Best practicable means covers the design, installation, maintenance, manner and periods of operation of plant and machinery, and the design, construction and maintenance of buildings and structures.

Reasonableness is a factor in determining what is practicable. Local conditions and circumstances can be taken into account, together with the current state of technical knowledge and the financial implications.

Duty of a local authority

The local authority have a duty to inspect their area to detect any statutory nuisances. If a complaint is made by a local resident, the local authority must take such steps as are reasonably practicable to investigate the complaint.

This double duty will operate to oblige those local authorities who had previously declined to inspect council premises to reverse their policy. Noise nuisance, in particular, is likely, therefore, to be a matter which will feature greatly in the activities of local authorities.

Abatement notices

Where the local authority is satisfied that a statutory nuisance exists, or is likely to occur or recur, then it must serve an abatement notice. This must require the abatement of the nuisance or its prohibition or restriction and will require the execution of such works, and the taking of such other steps, as are necessary (section 80(1)).

It is to be served on the person responsible or, if the nuisance arises from a structural defect, on the owner of the premises. If the person responsible cannot be found, then it must be served on the owner or occupier (section 80(2)).

Right of appeal

The EPA 1990 introduces a new right of appeal (section 80(3)). The person served has a right of appeal to the magistrates’ court within 21 days from service. The grounds of appeal are circumscribed by the Statutory Nuisances (Appeals) Regulations 1990 (SI No 2276). This prevents appeals being automatically lodged without any justifiable grounds in order to defer the effect of the abatement notice. While an appeal is pending, the abatement notice may be suspended. In order to prevent this, the local authority may insert a declaration in the abatement notice that it will remain effective on grounds set out in the regulations.

Failure to comply with notice

If the person served with an abatement notice contravenes or fails to comply with the notice, without reasonable excuse, then a criminal offence has been committed (section 80(4)).
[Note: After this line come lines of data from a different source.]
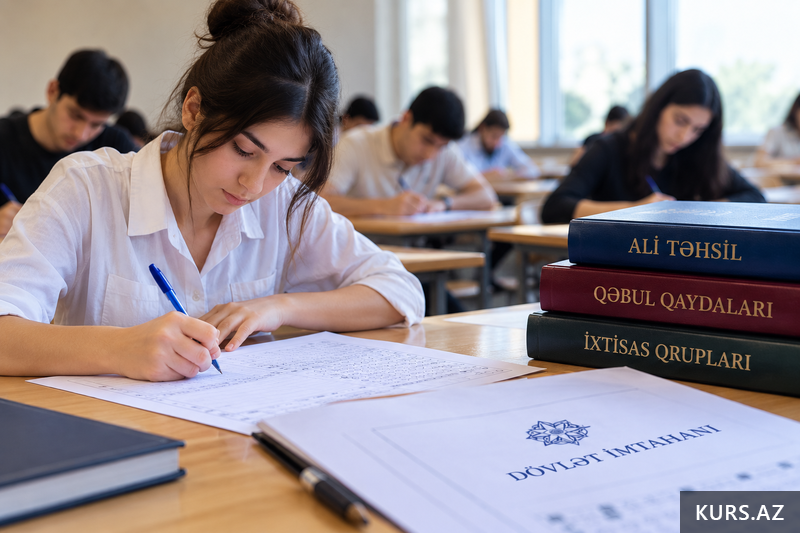 1-ci qrup keçid balları 2026-2027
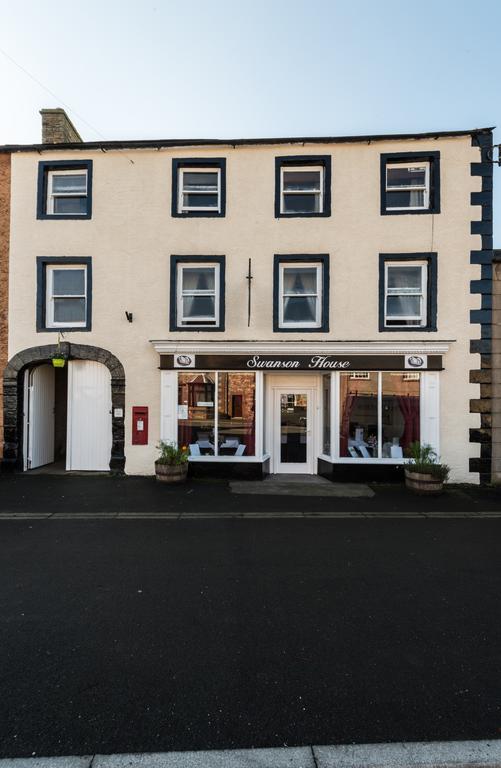 Swanson House 4* Penrith
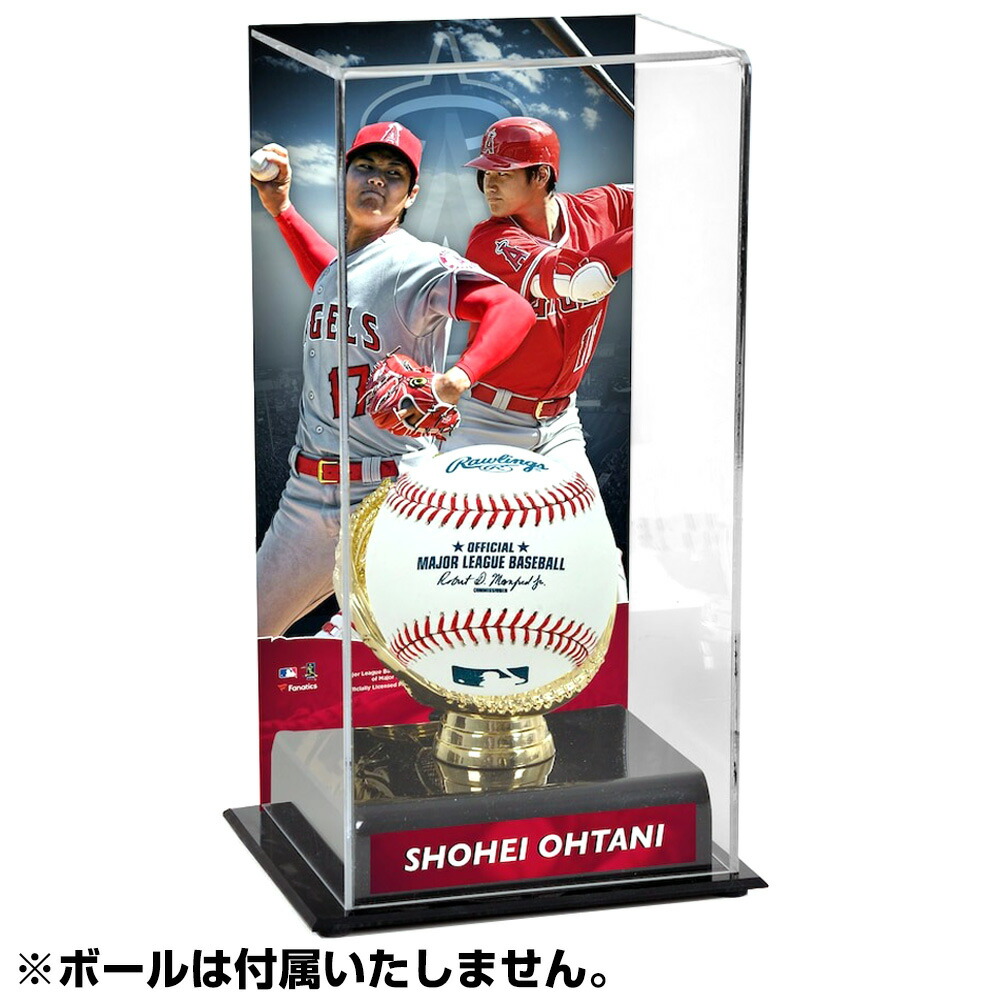 楽天市場】MLB フェルナンド・タティス Jr パドレス オールスターゲーム2024 ボール＆ディスプレイケース Fanatics :  映画エンタメショップ SELECTION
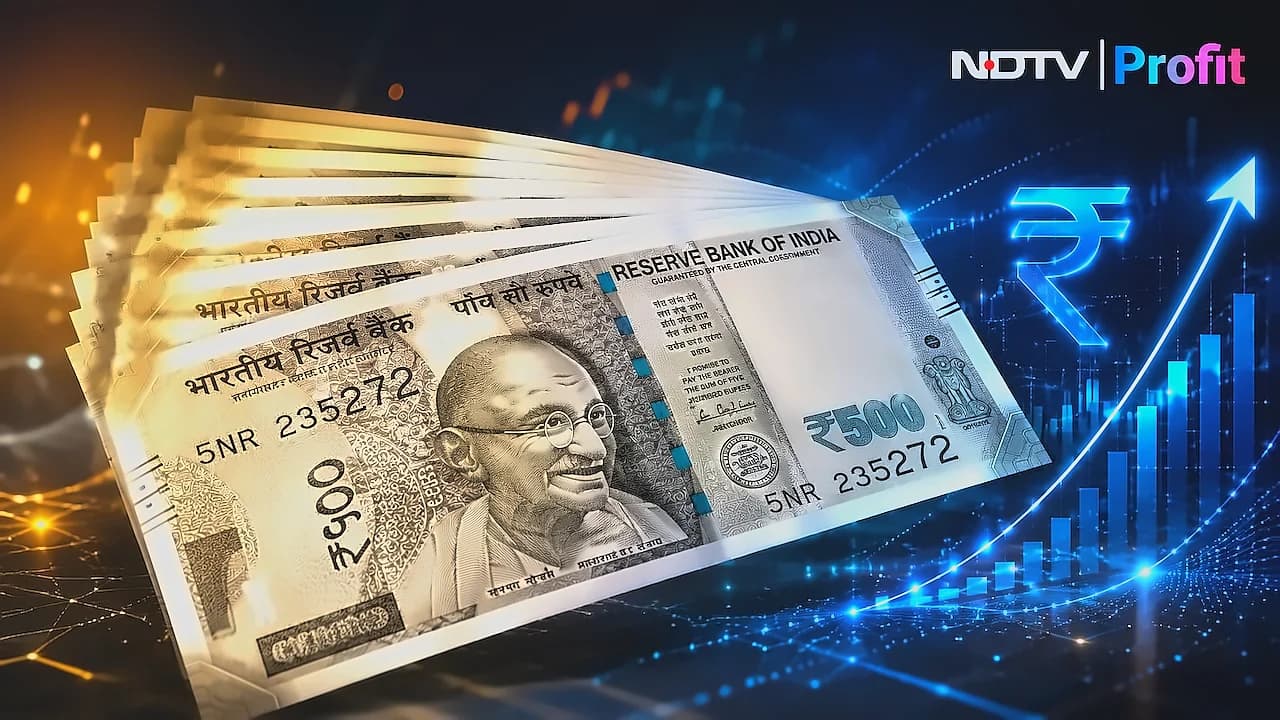 India's Tax Collections Surge 16.4% to ₹6.51 Lakh Crore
The local authority are not obliged to prosecute for failure to comply with a notice. However, whether or not they prosecute, the local authority may abate the nuisance and do whatever works are necessary (section 81(3)). They may recover any expenses which they reasonably incur in doing this (section 81(4)).
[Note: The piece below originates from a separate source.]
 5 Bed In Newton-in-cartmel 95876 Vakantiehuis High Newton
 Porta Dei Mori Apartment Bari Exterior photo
Action by private individuals

It remains possible for a person who is aggrieved by a statutory nuisance to bring private proceedings in the magistrates’ court. The court has power to make an order requiring the defendant to abate the nuisance and carry out necessary works (section 82). This will, therefore, continue to be useful where a local authority declines to act for whatever reason. This may occur where the nuisance arises in respect of local authority accommodation. Where premises are unfit for human habitation, the court may issue an order prohibiting their use.

The person aggrieved must serve notice on the person responsible, stating the intention to bring proceedings and setting out the matters complained of. This is a new provision. At least 21 days’ notice must be given unless the notice is in respect of noise, when it may be three days. The person to be served must be the person responsible, unless that person cannot be found, in which case the owner or occupier will be liable, or the nuisance arises from a structural defect, when the owner will be liable.

Costs now are no longer in the discretion of the court where the nuisance is proved, but are automatically granted to the complainant. Breach of the order constitutes a criminal offence.